JUST FITTING IN THAT'S WHAT VILLANOVA FRESHMAN TIM THOMAS HAS TRIED TO DO ALL HIS LIFE, BUT HE IS SIMPLY TOO TALENTED TO BLEND INTO A CROWD
Two piping hot cups of coffee stood at attention before Tim
Thomas as he and his teammates from the Little Lads Basketball
Association ate breakfast together one morning at a Shoney's in
Trenton, N.J. It was the summer of '91, and Thomas, the least
little of the Lads, standing 6'6" at age 14, was the only one
who ordered java that day. "What the heck are you doing drinking
coffee?" asked his cousin Jimmy Salmon, who was also the team's
coach.
"I'm trying to stunt my growth," Thomas said.
"Are you nuts?" Salmon said.
Turned out that every morning since he was in seventh grade,
Thomas had been making a secret detour on his way to school to
stop at a Dunkin' Donuts two blocks from his home in Paterson,
N.J. There he would guzzle a big cup of joe, firmly believing
that was the best possible way to combat the forces of nature in
his bones. "I thought if I could just stop growing, then
eventually everyone else might catch up to me," says Thomas,
laughing at his own innocence. "I've always just wished I could
be a normal guy."
These days Thomas has kicked the coffee habit and is 6'9" and
happy for every inch he's got. He even hopes to grow another
inch or two, though after 29 games the Villanova freshman
forward is already the finest first-year player in the nation
and one of the best in any college class this season.
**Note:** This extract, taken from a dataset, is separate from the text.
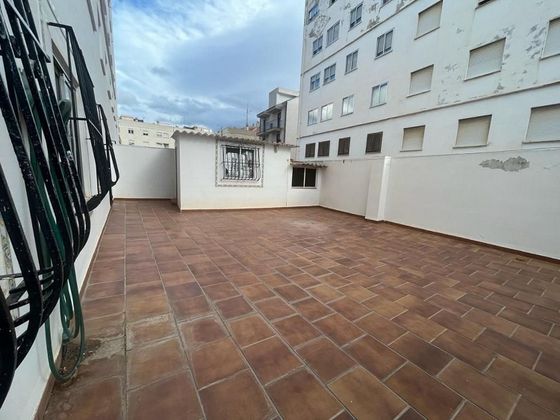 Foto 1 de Venta de piso en Parque de la Bombilla-Pla de Rascanya de 4 habitaciones con terraza y balcón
Many
basketball scouts contend that had he followed through on his
highly publicized inclination to turn pro last spring, he could
have made an impact in the NBA this season. Instead, Thomas has
been averaging 16.5 points for a Villanova team that goes into
this week's Big East tournament with a 21-8 record and the No.
21 ranking in the AP poll. About the only thing at which he is
failing miserably is, well, being a normal guy. But he hasn't
stopped trying.
Start with his name: Timothy Mark Thomas. It's a standard issue
identity if there ever was one, yet Thomas has never embraced a
more colorful nickname. He's just plain Tim. Like a normal guy,
Thomas wears his uniform number, 3, in honor of a basketball
hero, in his case the late New Jersey Nets guard Drazen
Petrovic, who was killed in a car accident in Germany in 1993.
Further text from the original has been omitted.